OK...back to some real science....
This just came out in PNAS and discusses recent calibrations of the molecular clock that tentatively suggest a Late Triassic origin for angiosperm plants.
Smith, S. A., Beaulieub, J. M., and M. J. Donoghue. 2010. An uncorrelated relaxed-clock analysis suggests an earlier origin for flowering plants.
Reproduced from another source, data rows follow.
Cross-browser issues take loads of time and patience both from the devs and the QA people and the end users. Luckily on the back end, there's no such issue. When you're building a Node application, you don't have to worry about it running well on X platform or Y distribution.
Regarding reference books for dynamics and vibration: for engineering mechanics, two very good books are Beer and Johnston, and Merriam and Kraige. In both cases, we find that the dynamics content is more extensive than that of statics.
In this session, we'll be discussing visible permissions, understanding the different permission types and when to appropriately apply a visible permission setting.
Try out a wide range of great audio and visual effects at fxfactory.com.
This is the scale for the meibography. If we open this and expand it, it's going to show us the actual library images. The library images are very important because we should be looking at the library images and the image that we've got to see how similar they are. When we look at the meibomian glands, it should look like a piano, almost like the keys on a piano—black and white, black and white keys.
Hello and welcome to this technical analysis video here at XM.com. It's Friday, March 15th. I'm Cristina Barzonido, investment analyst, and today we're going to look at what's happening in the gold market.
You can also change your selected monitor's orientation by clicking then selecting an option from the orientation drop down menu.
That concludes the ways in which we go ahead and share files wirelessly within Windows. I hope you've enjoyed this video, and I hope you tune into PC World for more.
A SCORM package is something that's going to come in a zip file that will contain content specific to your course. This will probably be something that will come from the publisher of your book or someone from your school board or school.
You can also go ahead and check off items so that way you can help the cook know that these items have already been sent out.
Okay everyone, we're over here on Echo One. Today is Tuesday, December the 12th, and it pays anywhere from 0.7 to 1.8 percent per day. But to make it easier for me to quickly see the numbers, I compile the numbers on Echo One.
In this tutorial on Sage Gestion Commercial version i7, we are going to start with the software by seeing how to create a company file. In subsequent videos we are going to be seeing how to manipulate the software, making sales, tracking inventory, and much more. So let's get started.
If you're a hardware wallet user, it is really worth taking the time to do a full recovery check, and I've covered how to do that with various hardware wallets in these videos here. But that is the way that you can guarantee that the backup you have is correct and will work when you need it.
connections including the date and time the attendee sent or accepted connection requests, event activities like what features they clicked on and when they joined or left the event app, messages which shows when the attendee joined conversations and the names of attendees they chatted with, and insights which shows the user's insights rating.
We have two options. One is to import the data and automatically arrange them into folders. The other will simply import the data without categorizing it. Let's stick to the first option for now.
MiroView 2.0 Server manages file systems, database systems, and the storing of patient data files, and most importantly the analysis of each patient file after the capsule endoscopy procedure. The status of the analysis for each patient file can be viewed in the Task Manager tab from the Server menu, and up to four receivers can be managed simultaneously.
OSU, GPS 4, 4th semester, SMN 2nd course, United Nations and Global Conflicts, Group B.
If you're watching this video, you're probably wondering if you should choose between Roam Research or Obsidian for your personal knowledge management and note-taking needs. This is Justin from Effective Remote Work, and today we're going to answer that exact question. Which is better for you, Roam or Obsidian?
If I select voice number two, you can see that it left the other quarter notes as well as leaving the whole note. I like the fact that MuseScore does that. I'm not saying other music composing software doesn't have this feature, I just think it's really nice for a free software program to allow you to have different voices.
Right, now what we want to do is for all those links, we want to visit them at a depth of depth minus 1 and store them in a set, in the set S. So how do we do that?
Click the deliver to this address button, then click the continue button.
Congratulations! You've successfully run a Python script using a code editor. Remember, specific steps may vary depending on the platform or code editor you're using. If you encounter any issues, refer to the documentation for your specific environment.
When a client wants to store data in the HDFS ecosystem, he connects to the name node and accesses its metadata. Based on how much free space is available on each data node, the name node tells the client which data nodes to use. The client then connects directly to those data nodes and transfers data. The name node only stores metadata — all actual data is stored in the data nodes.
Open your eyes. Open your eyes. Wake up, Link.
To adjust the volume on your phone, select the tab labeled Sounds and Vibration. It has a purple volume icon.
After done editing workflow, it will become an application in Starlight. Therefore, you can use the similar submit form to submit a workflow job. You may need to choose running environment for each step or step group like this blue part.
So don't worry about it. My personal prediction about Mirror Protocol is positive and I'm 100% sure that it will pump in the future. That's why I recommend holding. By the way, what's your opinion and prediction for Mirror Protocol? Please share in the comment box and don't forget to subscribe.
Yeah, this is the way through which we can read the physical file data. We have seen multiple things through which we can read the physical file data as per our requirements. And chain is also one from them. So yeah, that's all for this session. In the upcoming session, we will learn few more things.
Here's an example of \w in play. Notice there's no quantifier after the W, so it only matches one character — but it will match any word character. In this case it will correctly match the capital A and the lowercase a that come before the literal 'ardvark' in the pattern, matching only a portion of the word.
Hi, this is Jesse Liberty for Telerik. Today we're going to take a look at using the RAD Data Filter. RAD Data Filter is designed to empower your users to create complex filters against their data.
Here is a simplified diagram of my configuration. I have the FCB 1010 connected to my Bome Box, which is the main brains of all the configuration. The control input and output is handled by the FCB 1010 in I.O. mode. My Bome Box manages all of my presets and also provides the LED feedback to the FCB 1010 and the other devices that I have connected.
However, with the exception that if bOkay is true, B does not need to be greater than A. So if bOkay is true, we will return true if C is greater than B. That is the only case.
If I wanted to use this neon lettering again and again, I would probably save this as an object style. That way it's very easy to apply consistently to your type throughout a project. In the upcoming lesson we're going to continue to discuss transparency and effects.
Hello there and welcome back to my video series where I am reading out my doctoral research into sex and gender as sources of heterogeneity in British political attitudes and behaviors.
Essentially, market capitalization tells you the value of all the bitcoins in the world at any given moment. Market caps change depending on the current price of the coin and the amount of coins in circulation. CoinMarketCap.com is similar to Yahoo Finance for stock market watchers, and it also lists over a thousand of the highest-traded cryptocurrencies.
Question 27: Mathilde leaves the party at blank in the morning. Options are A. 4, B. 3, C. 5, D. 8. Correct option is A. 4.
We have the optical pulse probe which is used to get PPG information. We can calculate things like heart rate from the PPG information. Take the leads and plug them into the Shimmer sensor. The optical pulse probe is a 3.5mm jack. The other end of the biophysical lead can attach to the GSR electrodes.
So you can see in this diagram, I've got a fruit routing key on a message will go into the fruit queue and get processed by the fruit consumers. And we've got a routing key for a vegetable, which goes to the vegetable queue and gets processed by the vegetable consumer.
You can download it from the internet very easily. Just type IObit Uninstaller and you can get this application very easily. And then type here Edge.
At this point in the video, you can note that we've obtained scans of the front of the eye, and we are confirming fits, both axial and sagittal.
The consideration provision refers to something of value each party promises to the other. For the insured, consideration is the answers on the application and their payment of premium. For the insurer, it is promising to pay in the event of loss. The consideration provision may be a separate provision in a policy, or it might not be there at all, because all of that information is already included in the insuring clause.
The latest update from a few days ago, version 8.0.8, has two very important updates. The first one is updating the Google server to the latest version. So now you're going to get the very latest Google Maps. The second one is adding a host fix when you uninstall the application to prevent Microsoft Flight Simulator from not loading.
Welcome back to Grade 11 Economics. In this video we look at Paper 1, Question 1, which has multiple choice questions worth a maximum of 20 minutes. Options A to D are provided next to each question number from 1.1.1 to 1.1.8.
PNAS 107:5897-5902. www.pnas.org/cgi/doi/10.1073/pnas.1001225107
Abstract - We present molecular dating analyses for land plants that incorporate 33 fossil calibrations, permit rates of molecular evolution to be uncorrelated across the tree, and take into account uncertainties in phylogenetic relationships and the fossil record.We attached a prior probability to each fossil-based minimum age, and explored the effects of relying on the first appearance of tricolpate pollen grains as a lower bound for the age of eudicots. Many of our divergence-time estimates for major clades coincide well with both the known fossil record and with previous estimates. However, our estimates for the origin of crown-clade angiosperms,which center on the Late Triassic, are considerably older than the unequivocal fossil record of flowering plants or than the molecular dates presented in recent studies. Nevertheless,we argue that our older estimates should be taken into account in studying the causes and consequences of the angiosperm radiation in relation to other major events, including the diversification of holometabolous insects. Although the methods used here do help to correct for lineage-specific heterogeneity in rates of molecular evolution (associated, for example, with evolutionary shifts in life history), we remain concerned that some such effects (e.g., the early radiation of herbaceous clades within angiosperms) may still be biasing our inferences.
Supplimental data for this article can be found at: www.pnas.org/cgi/content/full/1001225107/DCSupplemental.